__Material provided__.
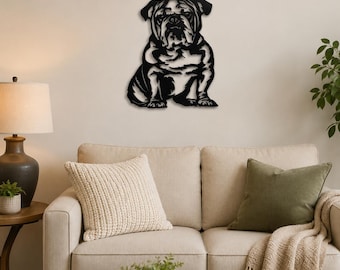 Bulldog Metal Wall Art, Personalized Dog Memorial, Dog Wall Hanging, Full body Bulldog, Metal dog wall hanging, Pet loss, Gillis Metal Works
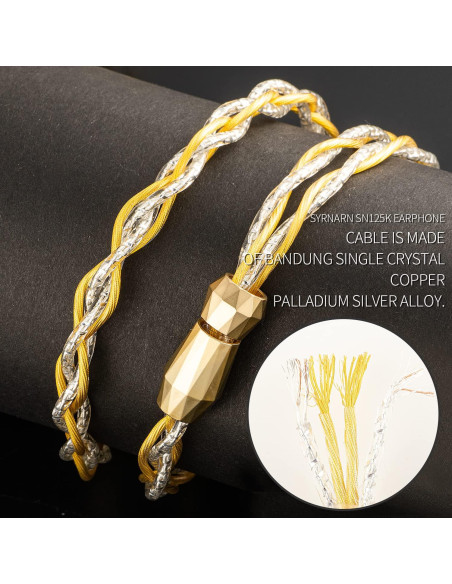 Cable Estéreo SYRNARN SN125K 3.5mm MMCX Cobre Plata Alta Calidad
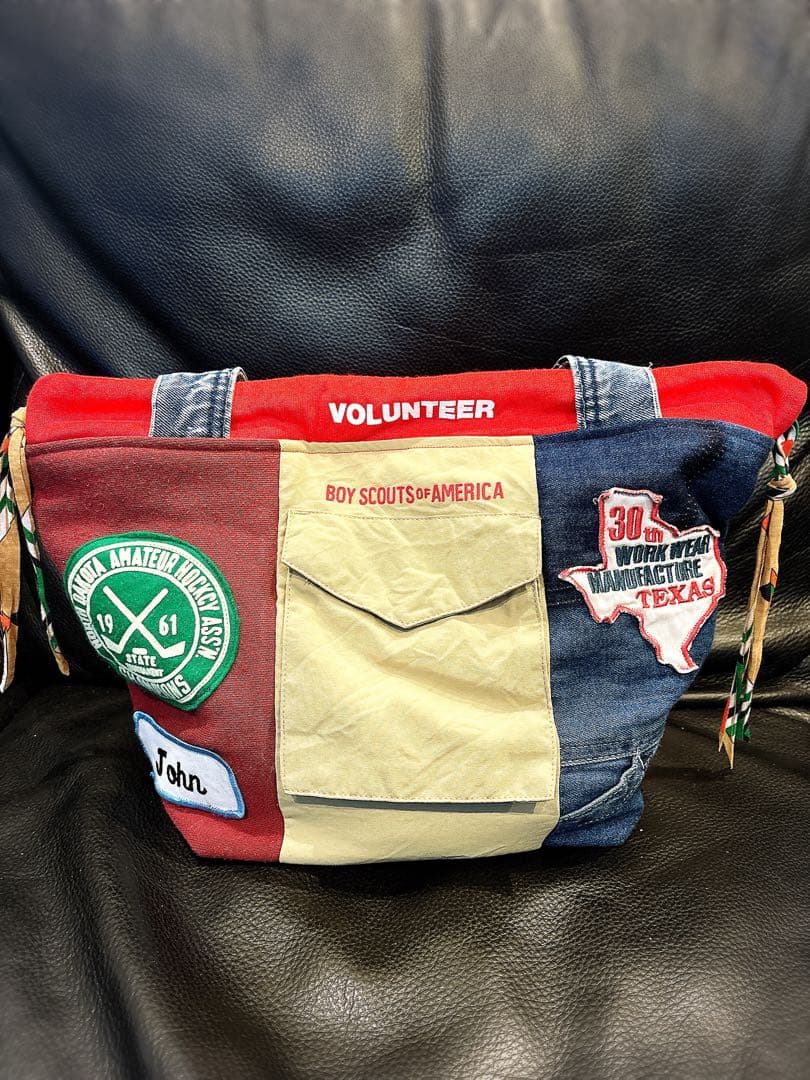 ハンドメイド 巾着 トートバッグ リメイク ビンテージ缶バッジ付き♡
...
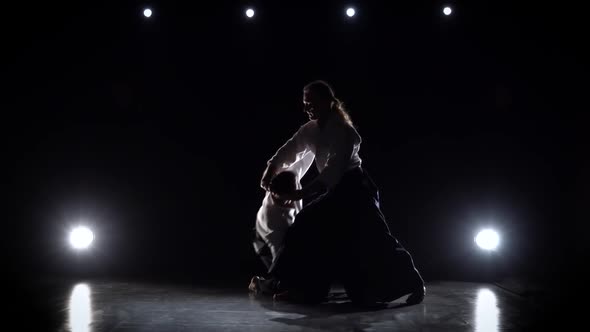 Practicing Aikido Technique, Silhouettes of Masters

__Work item__.
Transcribe the lines above exactly, beginning at the one with "Bulldog Metal Wall" and ending at the one with "ハンドメイド 巾着 トートバッグ リメイク ビンテージ缶バッジ付き♡". Include both; exclude the pictures.

__Exercise solution__.
 Bulldog Metal Wall Art, Personalized Dog Memorial, Dog Wall Hanging, Full body Bulldog, Metal dog wall hanging, Pet loss, Gillis Metal Works
 Cable Estéreo SYRNARN SN125K 3.5mm MMCX Cobre Plata Alta Calidad
 ハンドメイド 巾着 トートバッグ リメイク ビンテージ缶バッジ付き♡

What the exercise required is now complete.